--- START ---

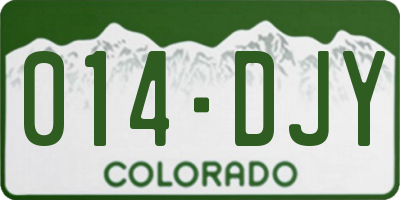 CO license plate 014DJY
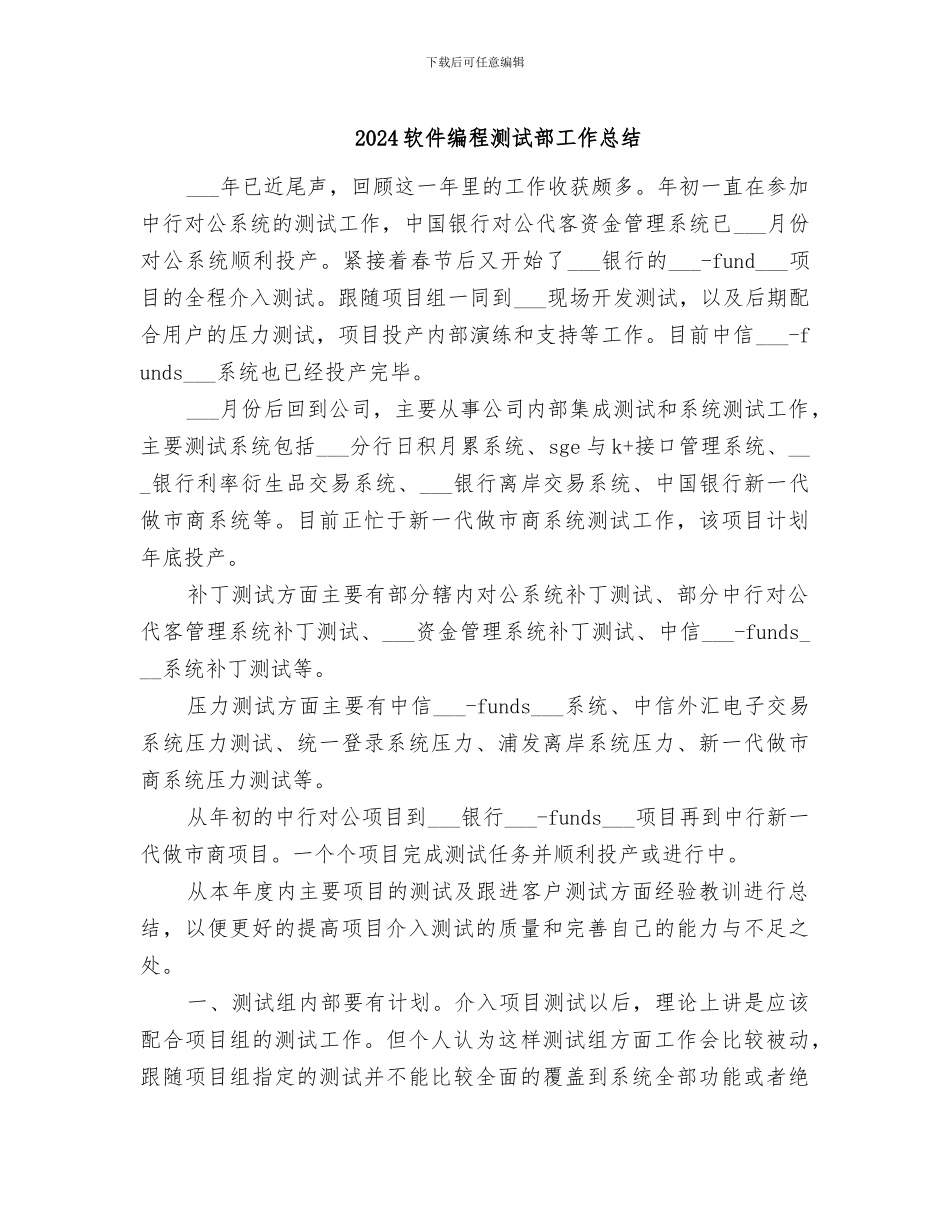 2024软件编程测试部工作总结_第1页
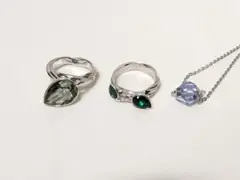 スワロフスキー クリスタルリング2点＆ネックレスセット Swarovskiのサムネイル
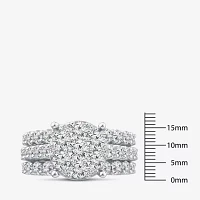 (G / Si1-Si2) Womens 4 CT. T.W. Lab Grown White Diamond 10K Gold Round Side Stone Halo Bridal Set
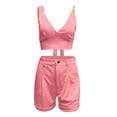 thumbnail image 5 of Dyegold 2 Piece Outfits For Women Summer Crop Tops Wide Leg Shorts Suit Two Piece Lounge Matching Sets Trendy Vacation Sets, 5 of 7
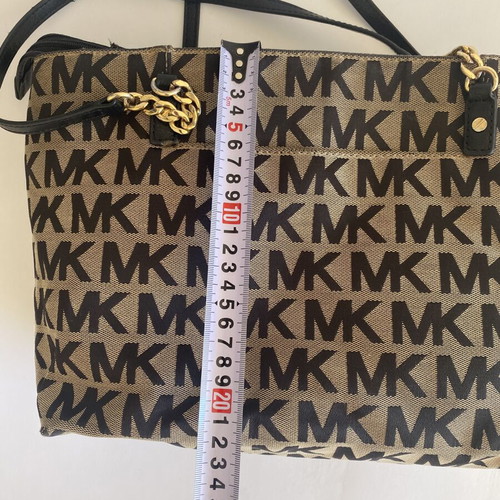 Michael Kors women's bag used, beige and black with MK design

--- END ---

## Problem details
Each of the entries above must be copied exactly, but the pictures stay out.

## The completed task
 CO license plate 014DJY
 2024软件编程测试部工作总结_第1页
 スワロフスキー クリスタルリング2点＆ネックレスセット Swarovskiのサムネイル
 (G / Si1-Si2) Womens 4 CT. T.W. Lab Grown White Diamond 10K Gold Round Side Stone Halo Bridal Set
 thumbnail image 5 of Dyegold 2 Piece Outfits For Women Summer Crop Tops Wide Leg Shorts Suit Two Piece Lounge Matching Sets Trendy Vacation Sets, 5 of 7
 Michael Kors women's bag used, beige and black with MK design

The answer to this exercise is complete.